The experimental scheme comprised a phase-modulated (to negate Brillouin scatter), 1064-nm seed signal in a fiber integrated geometry that was split into three via a path-length-selectable delay line to enable coherent combination, with each beam then directed through individual phase modulators, polarization controllers, and amplifiers, before passing isolators and into the photonic lantern. The output power of the lantern was around 10 W to enable saturation of a final-stage Yb-doped, 25/400 (core/cladding diameters in µm), 0.065 NA (matching the output characteristics of the lantern fiber), 12-m-long amplifier, enabling kW average power levels. To achieve arbitrary mode excitation and system optimization, the number of input lines to the photonic lantern has to match the number of modes supported by the amplifier. The final-stage Yb amplifier supported the first three modes, i.e., LP01 and LP11 (o and e). A fraction of the output beam was sampled by a pinhole detector, the output of which fed a stochastic parallel gradient controller, dithering the associated polarization, phase, and amplitude of the individual seeds signals. By monitoring and optimizing the on-axis component, the LP01 mode was selected, which was the only supported mode of the system with an on-axis component.

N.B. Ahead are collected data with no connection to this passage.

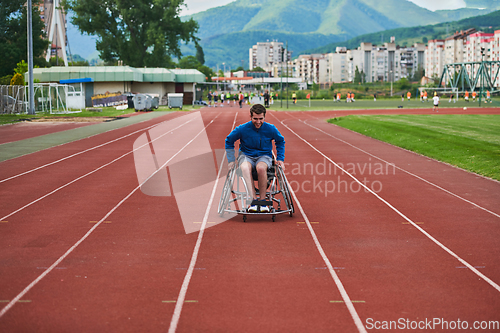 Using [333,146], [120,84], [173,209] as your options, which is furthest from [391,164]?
[120,84]

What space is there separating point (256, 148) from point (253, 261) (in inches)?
103

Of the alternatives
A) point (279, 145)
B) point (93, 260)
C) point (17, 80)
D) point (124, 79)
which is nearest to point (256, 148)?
point (279, 145)

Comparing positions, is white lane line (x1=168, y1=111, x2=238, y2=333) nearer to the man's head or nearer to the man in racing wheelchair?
the man in racing wheelchair

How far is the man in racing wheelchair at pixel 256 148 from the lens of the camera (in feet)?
25.4

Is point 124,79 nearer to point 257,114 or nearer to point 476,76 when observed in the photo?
point 257,114

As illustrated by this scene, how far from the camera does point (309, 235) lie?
698 cm

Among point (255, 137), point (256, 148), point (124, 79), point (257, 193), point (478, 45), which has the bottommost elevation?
point (257, 193)

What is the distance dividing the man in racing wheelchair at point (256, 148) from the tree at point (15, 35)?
208 ft

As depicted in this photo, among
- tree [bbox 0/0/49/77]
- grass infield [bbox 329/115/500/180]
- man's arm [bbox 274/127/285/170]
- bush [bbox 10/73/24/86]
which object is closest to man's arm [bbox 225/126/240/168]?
man's arm [bbox 274/127/285/170]

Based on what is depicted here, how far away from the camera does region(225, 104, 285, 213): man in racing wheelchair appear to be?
305 inches

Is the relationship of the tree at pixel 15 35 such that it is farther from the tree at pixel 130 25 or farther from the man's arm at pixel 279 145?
the man's arm at pixel 279 145

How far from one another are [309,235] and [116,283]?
2810 millimetres

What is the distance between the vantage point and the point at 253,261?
230 inches

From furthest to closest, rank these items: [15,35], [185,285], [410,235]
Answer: [15,35]
[410,235]
[185,285] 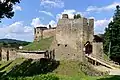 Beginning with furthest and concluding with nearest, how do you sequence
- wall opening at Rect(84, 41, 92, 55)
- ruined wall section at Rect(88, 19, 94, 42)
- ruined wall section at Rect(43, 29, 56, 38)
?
ruined wall section at Rect(43, 29, 56, 38), ruined wall section at Rect(88, 19, 94, 42), wall opening at Rect(84, 41, 92, 55)

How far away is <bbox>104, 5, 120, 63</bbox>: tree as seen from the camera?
56.8m

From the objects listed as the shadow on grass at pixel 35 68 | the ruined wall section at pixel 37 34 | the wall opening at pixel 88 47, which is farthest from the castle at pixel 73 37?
the ruined wall section at pixel 37 34

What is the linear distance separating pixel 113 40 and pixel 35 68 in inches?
884

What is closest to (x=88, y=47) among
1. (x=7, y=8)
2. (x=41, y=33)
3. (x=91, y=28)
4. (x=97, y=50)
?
(x=97, y=50)

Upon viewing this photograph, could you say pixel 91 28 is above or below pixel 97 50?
above

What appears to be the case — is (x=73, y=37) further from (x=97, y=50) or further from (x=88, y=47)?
(x=97, y=50)

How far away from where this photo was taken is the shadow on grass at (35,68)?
1459 inches

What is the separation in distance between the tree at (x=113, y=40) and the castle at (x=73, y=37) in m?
15.2

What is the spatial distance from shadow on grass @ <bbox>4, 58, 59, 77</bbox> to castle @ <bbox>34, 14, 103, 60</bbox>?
7.27 feet

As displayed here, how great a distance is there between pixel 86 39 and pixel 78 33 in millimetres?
1258

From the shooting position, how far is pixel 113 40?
57.8 metres

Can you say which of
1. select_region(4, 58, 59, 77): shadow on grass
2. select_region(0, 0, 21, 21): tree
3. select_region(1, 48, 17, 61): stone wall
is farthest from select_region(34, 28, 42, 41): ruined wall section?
select_region(0, 0, 21, 21): tree

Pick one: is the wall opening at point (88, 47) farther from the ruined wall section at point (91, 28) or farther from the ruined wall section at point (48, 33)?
the ruined wall section at point (48, 33)

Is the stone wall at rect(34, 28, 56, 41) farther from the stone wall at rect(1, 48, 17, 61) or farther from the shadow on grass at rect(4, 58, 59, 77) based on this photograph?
the shadow on grass at rect(4, 58, 59, 77) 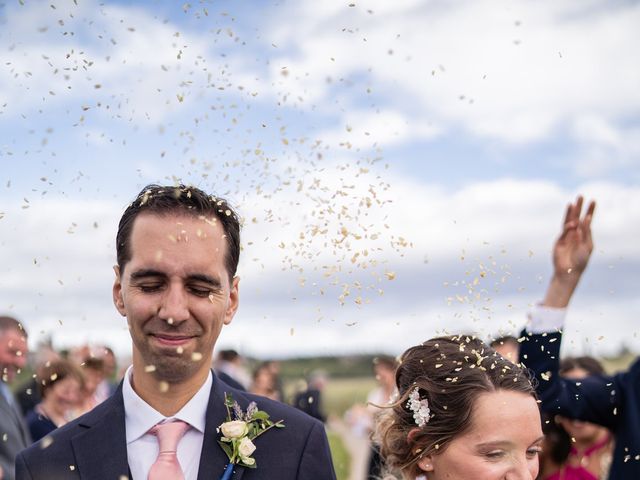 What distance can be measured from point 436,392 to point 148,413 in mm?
1537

Operation of the adaptive system was directly compared to a conventional fully fiber-integrated scheme where the final-stage amplifier was directly seeded by a conventional 10-W, single-mode, pre-amplified signal. For output powers in the range of 800 W (for pump powers ~1200 W), the output became unstable, with the output beam profile indicating the presence of higher order modes, and the on-axis signal in the time domain exhibited a strong (~50%) periodic modulation around 100 Hz repetition rate, although it should be noted that not all test final-stage amplifier fibers examined displayed the periodic instability, even up to pump power levels in excess of 1500 W. In comparison to the result above, the adaptive scheme fed from the photonic lantern demonstrated an increased efficiency in signal extraction and no periodic instability with output powers up to 1270 W at the maximum pump power of 1560 W. With the adaptive control system turned off, the output became unstable and modal distortion was observed.
The authors have clearly demonstrated the efficacy of their technique, but perhaps the greater impact will be achieved with further power scaling and an associated increase in the core diameter. However, as the authors indicate, this will necessarily have to be associated with a corresponding increase in system complexity in the numbers of adaptive channels and seed fibers in the photonic lantern.